[kepler-dev] [Bug 2572] - Export KAR can produce several actors with the same lsid

Sun Jun 17 18:24:52 PDT 2007

> Date: Fri, 15 Jun 2007 12:27:44 -0700 (PDT)
> From: bugzilla-daemon at ecoinformatics.org
> Subject: [kepler-dev] [Bug 2572] - Export KAR can produce several
> 	actors	with the same lsid
> To: kepler-dev at ecoinformatics.org
> Message-ID: <20070615192744.519112FE72 at ceres.ecoinformatics.org>
> 
> http://bugzilla.ecoinformatics.org/show_bug.cgi?id=2572
> 
> ------- Comment #1 from berkley at nceas.ucsb.edu  2007-06-15 12:27 -------
> This is a problem with how we store lsids in the cache.  The problem is
> that 
> the generated kar file does not get cached when it is created (although it
> could be cached later).  If we store the lsid in the database upon kar
> creation, it will have to get a new lsid when it is inserted into the
> cache
> (because there is no way to know that the object being put into the cache
> is
> the same as the one that was created earlier since we lose control of it).
> Another way around this is to ask the user if they wish to get a unique
> lsid or
> not.
> 
> The heart of this is that we still need a centralized way to keep track of
> lsids.  We are still dependent on the local machine to generate ids, which
> in
> no way guarantees they are unique.  To really fix a lot of these ID 
> issues, we need a central ID repository 
> (or we need to use library.kepler-project.org as one).

I can see the benefits of using LSIDs but I think that many end users will
feel very wary of being forced to connect to a central repository to
register a new ID every time they wish to create a new actor or export a
KAR.  It forces Kepler users to be connected to the Internet and requires
your ID service to be up for them to complete this task.  I suspect that
these constraints might also be impractical for many scientific and military
projects.  It also introduces a serious risk when you need to demonstrate
Kepler in environments where Internet connections can be unpredictable (e.g.
conferences).

I had a quick look at the LSID specification at OMG ...
  http://www.omg.org/cgi-bin/doc?dtc/04-05-01
... and realised that the ObjectID field can be any arbitrary string.  
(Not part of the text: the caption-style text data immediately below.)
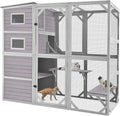 Large Cat House with 4 Levels, 77" L H821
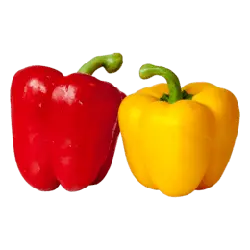 Bell Pepper - healthy - yellow - No Watermark PNG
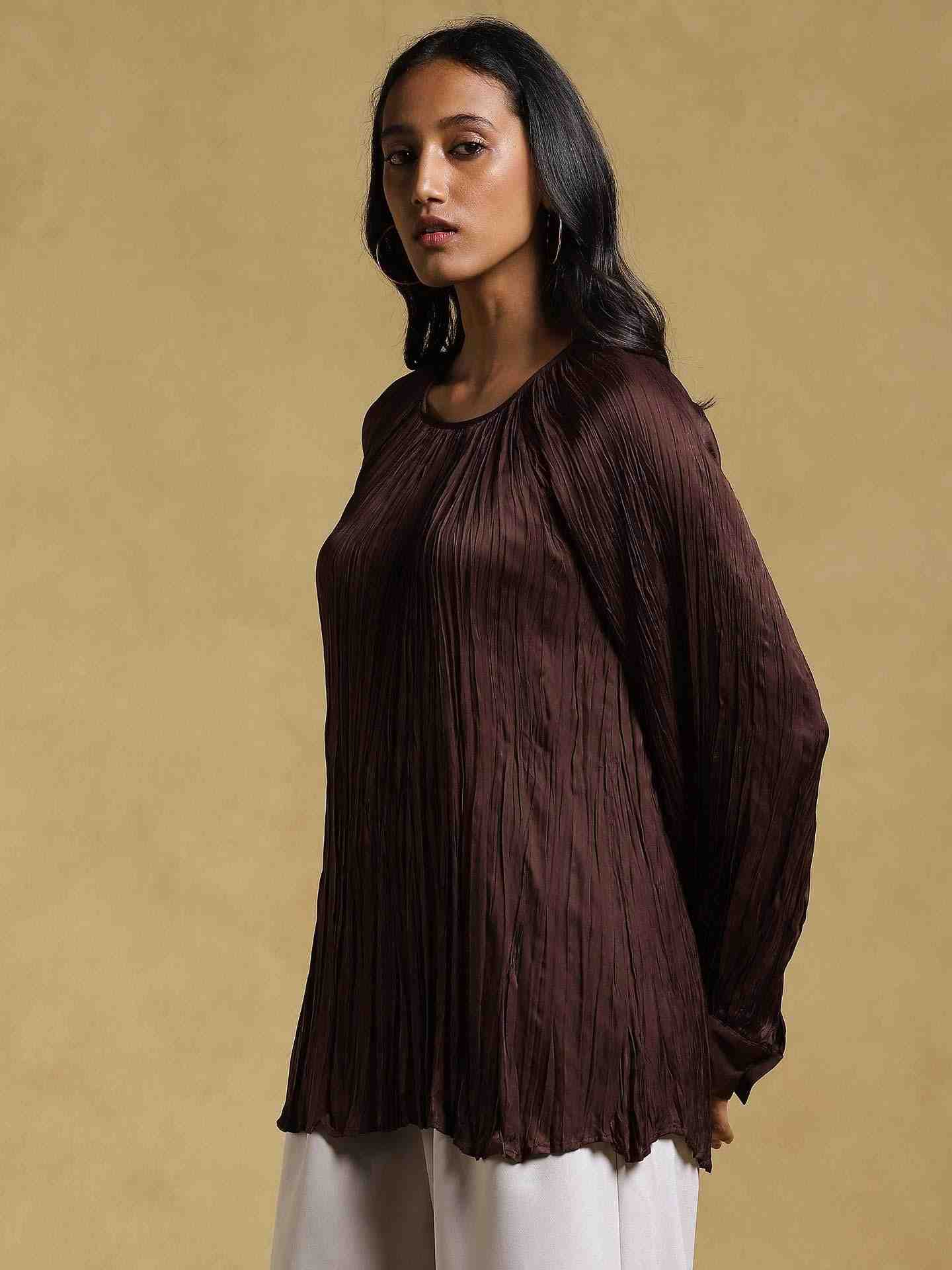 Coffee Ethereal Kurti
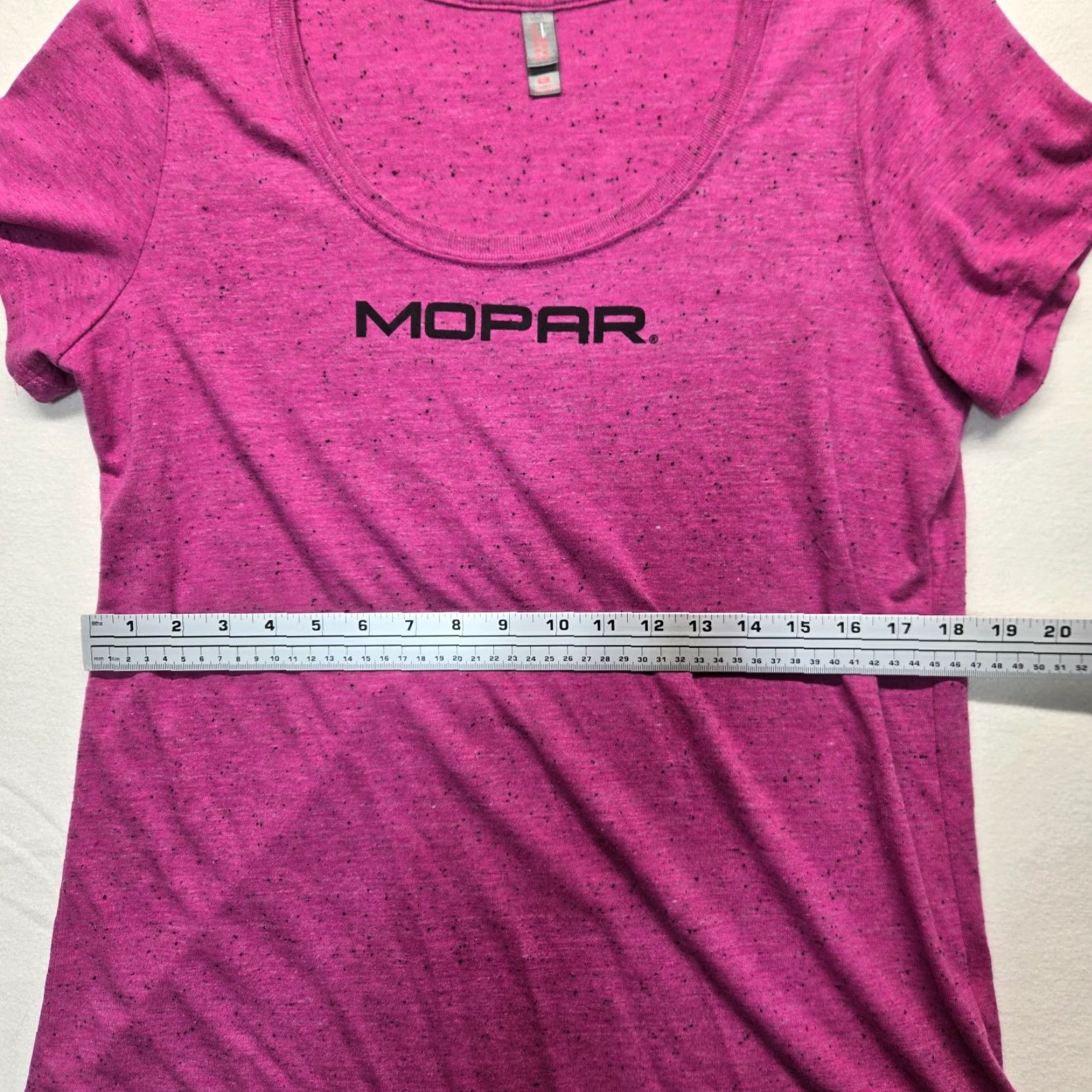 Vintage VINTAGE Mopar Dodge Chrysler Purple Short Sleeve Tee Adult Womens XL Shirt Purple Jude Wear 80s 90s Merch Women’s XL Size XL / US 12-14 / IT 48-50 - 3 Thumbnail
So my suggestion is that you consider using a UUID for the ObjectID field of
an LSID.  In other words, LSIDs and UUIDs need not be mutually exclusive.
You get all the benefits of LSIDs but remove the need for a centralised ID
generator and the other associated ID server problems.  Users can still
*optionally* elect to register their actors with your centralised repository
but it is no longer mandatory.  

You can preserve existing ObjectIDs so existing models don't break.  You
could perhaps only use UUIDs for temporary/local/unregistered actors but
this may introduces other problems should you decide to later replace them.
There might be an argument for introducing a new LSID domain that uses the
new UUIDs.  

Actor developers don't need to generate a new UUID for new versions of
existing actor classes since they can use the version field provided by LSID
for this purpose (an important LSID feature). Developers familiar with
Windows COM components might need this reminder.  

Cheers,
Tony.